Я написал жене требуемое письмо. Под пустыми предлогами я переписывал его несколько раз, то чернилами, то карандашом. Почему-то я был рад, когда под утро меня наконец доставили в новое место.
Меня довез туда все тот же Фрэй, руководитель арестовавшей меня группы. Это было какое-то отделение американской военной полиции, находившееся в подвале. Там сидели солдаты американской армии – черные и белые, в форме военной полиции армии США. Были здесь и штатские, бедно одетые, с грубыми лицами – безусловно, местные жители. У изящной негритянки Фрэй получил расписку, что сдал меня, и быстро исчез.
Вдоль длинного коридора меня привели к тяжелой, обитой железом двери. Охранник осветил темную дыру – пустое помещение без окон, с каменным полом, выложенным плитами. Я запротестовал: незаконно помещать сюда человека, задержанного для проверки документов. Меня пытались втолкнуть насильно, я сопротивлялся. Очнулся я разбитый, дрожа от холода, на каменном полу этой камеры. Во рту я почувствовал кровь, не хватало нескольких зубов. Снизу сквозь пальто и одежду проникала сырость. Я повел носом – пахло мочой. Очевидно, постарался кто-то из моих предшественников. Осторожно поднявшись, я вдоль стены добрался до входа и стал громко кричать и бить ногами в дверь. Кто-то пришел и на баварском наречии сказал, чтобы я вел себя спокойно. Я попытался объяснить ему свое положение и потребовал, чтобы мне по крайней мере дали на чем сидеть. Но баварец заявил, что американец не выдаст ключей.

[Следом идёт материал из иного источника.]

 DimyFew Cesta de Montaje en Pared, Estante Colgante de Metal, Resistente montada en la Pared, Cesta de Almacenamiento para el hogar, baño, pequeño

Утром за мной снова приехал Фрэй. Я был совершенно разбит – физически и душевно – и категорически протестовал против того, что проделали со мной ночью. Я повторил свои жалобы шефу Фрэя Дэлеру, который вдруг стал именоваться Томасом. Он велел учинить проверку. Явились какие-то американские офицеры. От имени армии США они выразили сожаление о ночном происшествии и попросили извинения. «Проверка» подтвердила, будто никто из американских солдат не принимал участия в ночном избиении. Мне лицемерно заявили, что все это проделали чрезмерно ретивые немцы.
Снова начался допрос:
– В своих показаниях вы щадите Бэра. Это неумно. Может быть, вы хотите скрыть что-нибудь об этом типе, но тем самым вы компрометируете себя.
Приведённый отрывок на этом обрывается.